Lorries have a higher centre of mass on their trailers, due to the load.  If you live in the country and get stuck behind a hay-lorry, you may see it swaying alarmingly. This kind of accident tends to happen with lorries when they drive through strong cross-winds on exposed roads.

Stability in Aeroplanes

When an aeroplane flies, there is a centre of lift, which is an imaginary point through which all the lift from the wings appears to act.  Ideally the centre of mass of the aeroplane should be directly underneath this.  Since the line of actions of both forces coincide, there is no turning moment, and the aeroplane is stable.

When the pilot uses the elevators (flaps at the tail to make the aeroplane move up and down), a force is applied to the tail, causing a turning moment to act.

When the pilot wants to turn, he uses the ailerons (flaps at the end of each wing).  One aileron is raised, and the other is lowered, to make a couple.  The aeroplane rolls.

Now suppose the aeroplane takes off with both wing tanks full of petrol.  The pilot can take petrol from both tanks, and he selects which tank to use.  He needs to keep both tanks balanced, by using 10 litres from one tank, then 10 litres from the other tank.  Every few minutes he needs to change over the tanks.

Suppose he forgets to change over, and takes almost all the fuel from the right tank.

The management of the fuel is an important part of the air-work of the pilot of a light aeroplane.  However many light aeroplanes can take petrol from both tanks at the same time.  Unless there is a problem with one of the tanks, that is what is done normally.

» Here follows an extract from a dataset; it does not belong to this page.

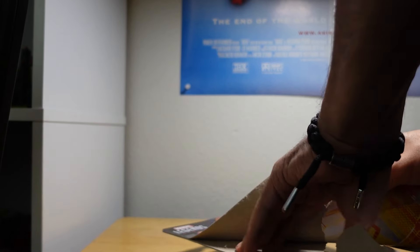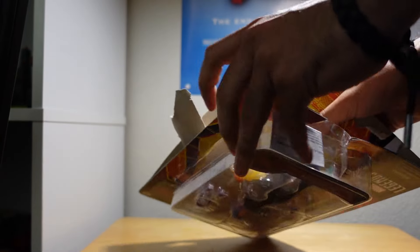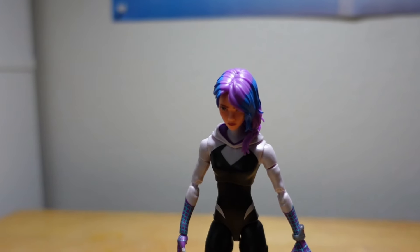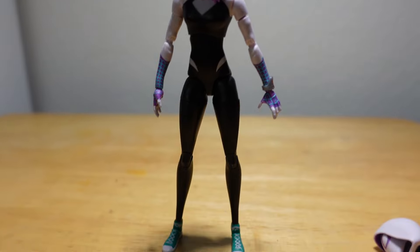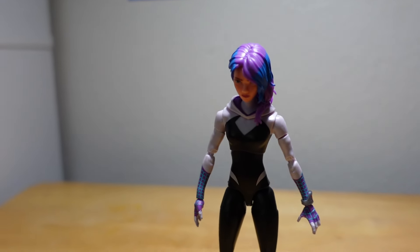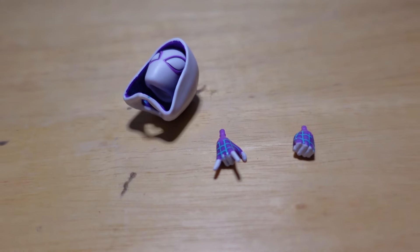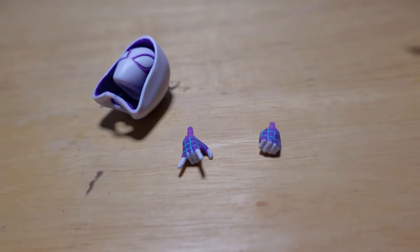There's the figure out of the packaging. As you can see, the colors are very cool. I'll show the accessories — the accessories come with a masked head, one swinging-looking hand, and one closed fist.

If the aeroplane is not balanced, it is possible for the turning moment to be cancelled out by using the control surfaces.  All aeroplanes have trim tabs which are little flaps that can push the nose up or down to balance the plane.

Recently there was a tragic accident involving an aeroplane in Africa.  One of the passengers had smuggled on board a young crocodile that was a pet.  It got out from its box and all the passengers rushed to the front of the plane.  There was a big nose-down turning moment which the pilot could not balance with his controls.  The plane nose-dived into the ground.